PROBLEM DESCRIPTION ::
Leaving all pictures aside, copy exactly the lines from the start of the listing below through the line that contains "Prof. Saul Levmore", and only those lines.

DATASET ::

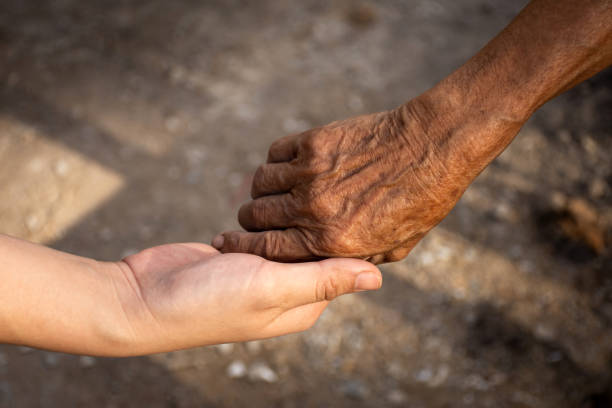 istock Young woman hand holding elderly person's hand. 1217275971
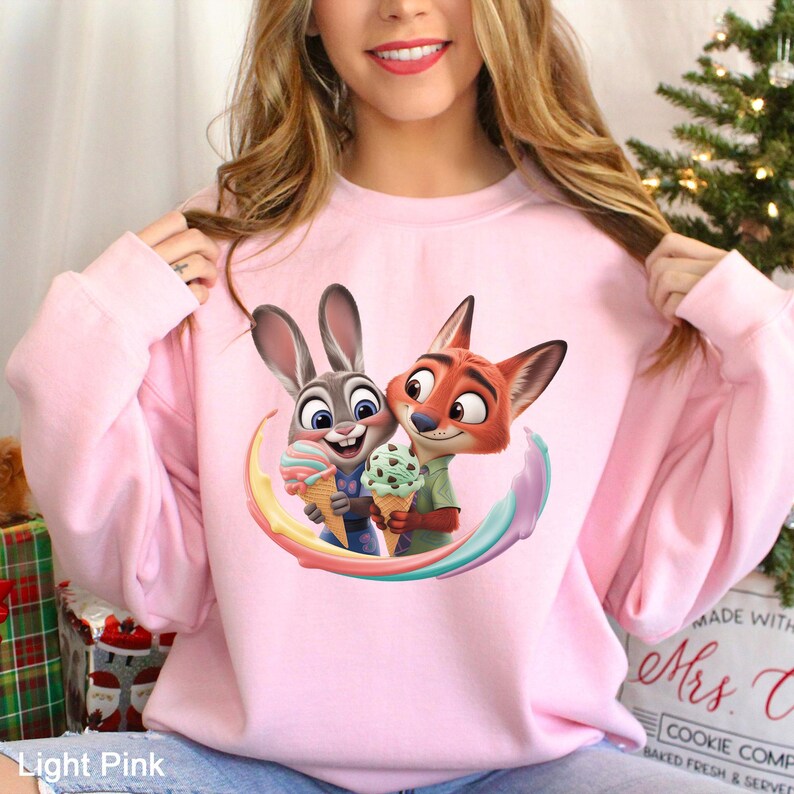 May include: Light pink sweatshirt featuring a cartoon image of a bunny and a fox holding ice cream cones. The bunny and fox are surrounded by a rainbow arc. The text "Light Pink" is at the bottom of the image.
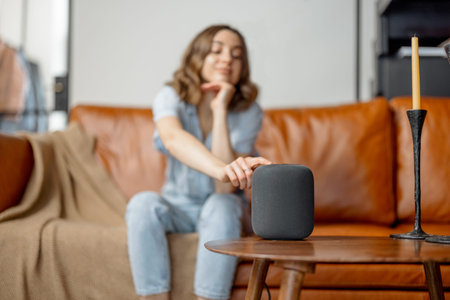 Woman touching black audio assistant column on the coffee tableの写真素材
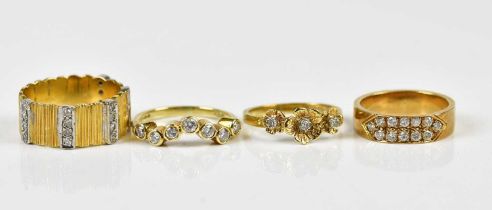 An 18ct yellow gold diamond set floral dress ring, approx size L, an 18ct yellow gold seven stone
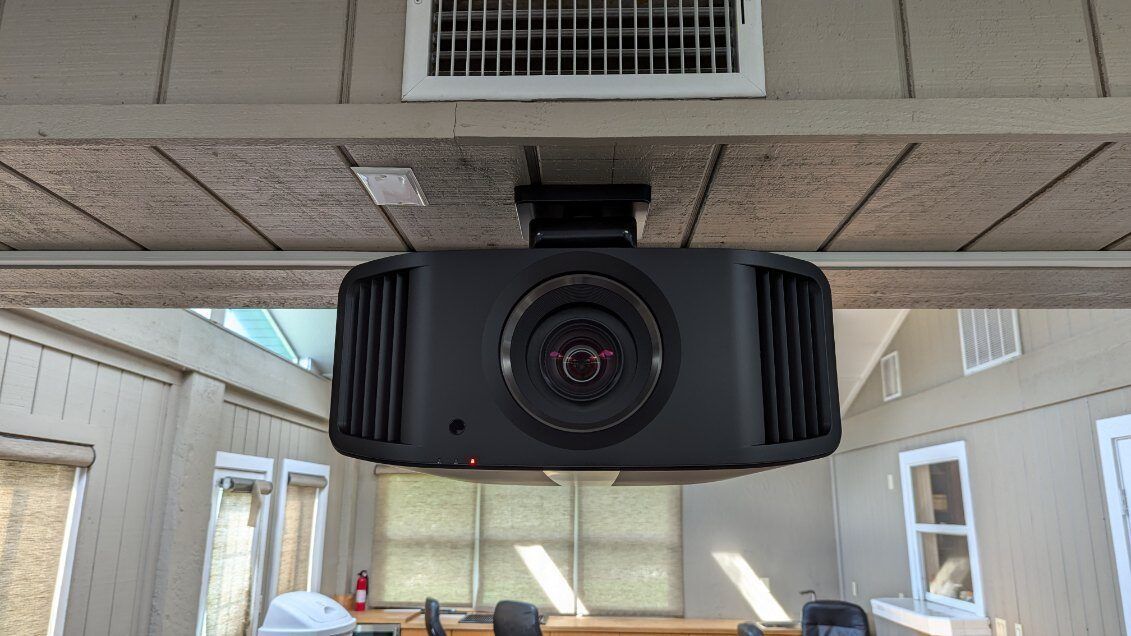 A projector is hanging from the ceiling of a room.
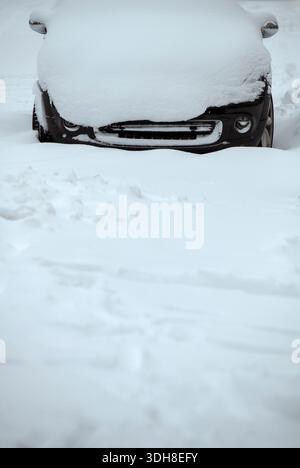 Parked car covered in snow after heavy snowfall Stock Photo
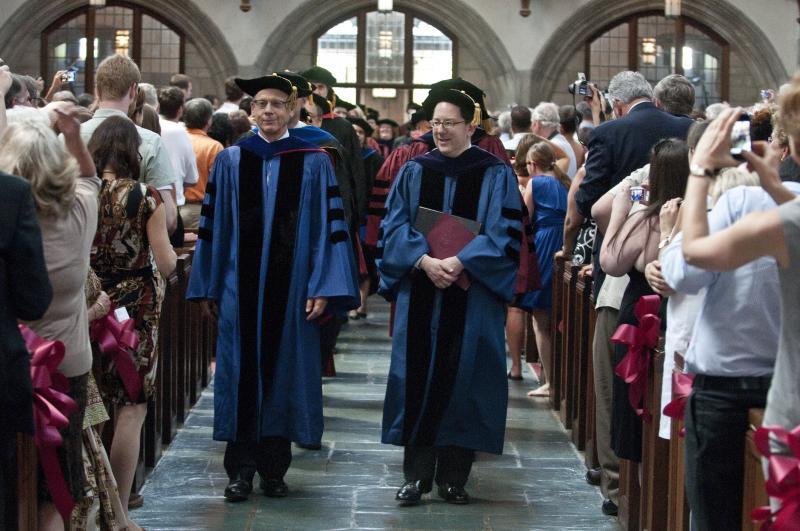 Prof. Saul Levmore and Dean Michael Schill enter Rockefeller Chapel. 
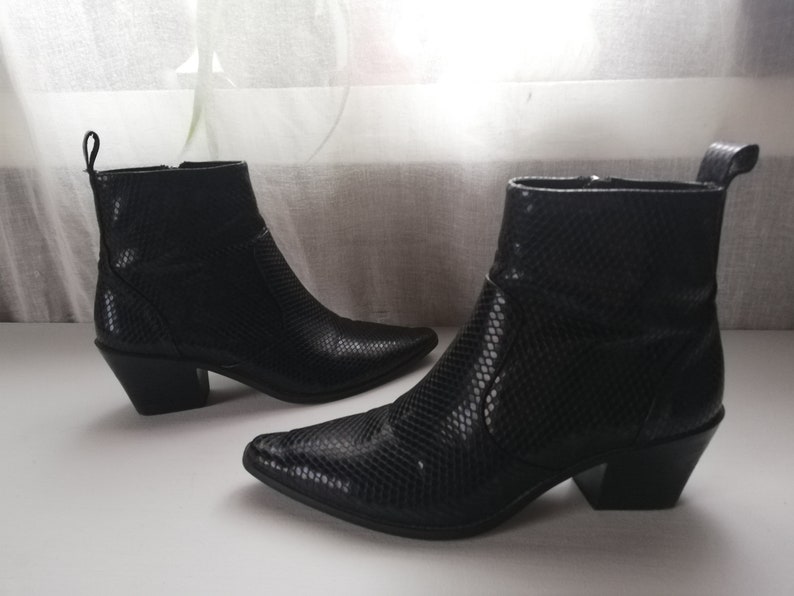 Może przedstawiać: Para czarnych kowbojskich but&oacute;w ze sk&oacute;ry węża z ostrymi noskami i blokowym obcasem.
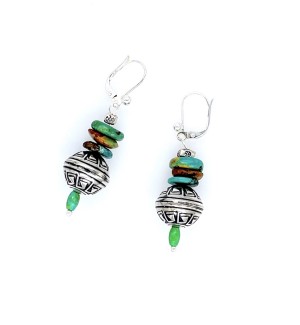 dangling earrings made of colorful flat beads as well as a larger silver ornamental bead atop a small green bead.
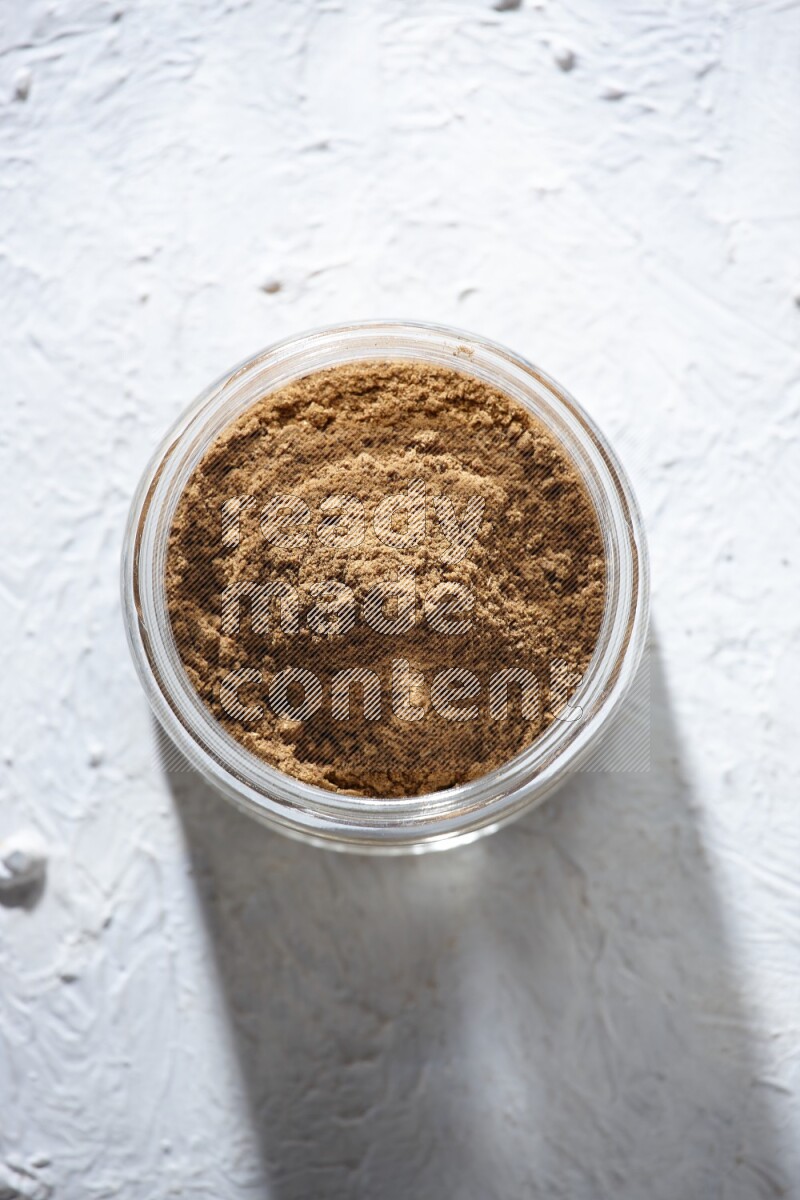 A glass jar full of allspice powder on a textured white flooring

EXERCISE RESPONSE ::
 istock Young woman hand holding elderly person's hand. 1217275971
 May include: Light pink sweatshirt featuring a cartoon image of a bunny and a fox holding ice cream cones. The bunny and fox are surrounded by a rainbow arc. The text "Light Pink" is at the bottom of the image.
 Woman touching black audio assistant column on the coffee tableの写真素材
 An 18ct yellow gold diamond set floral dress ring, approx size L, an 18ct yellow gold seven stone
 A projector is hanging from the ceiling of a room.
 Parked car covered in snow after heavy snowfall Stock Photo
 Prof. Saul Levmore and Dean Michael Schill enter Rockefeller Chapel. 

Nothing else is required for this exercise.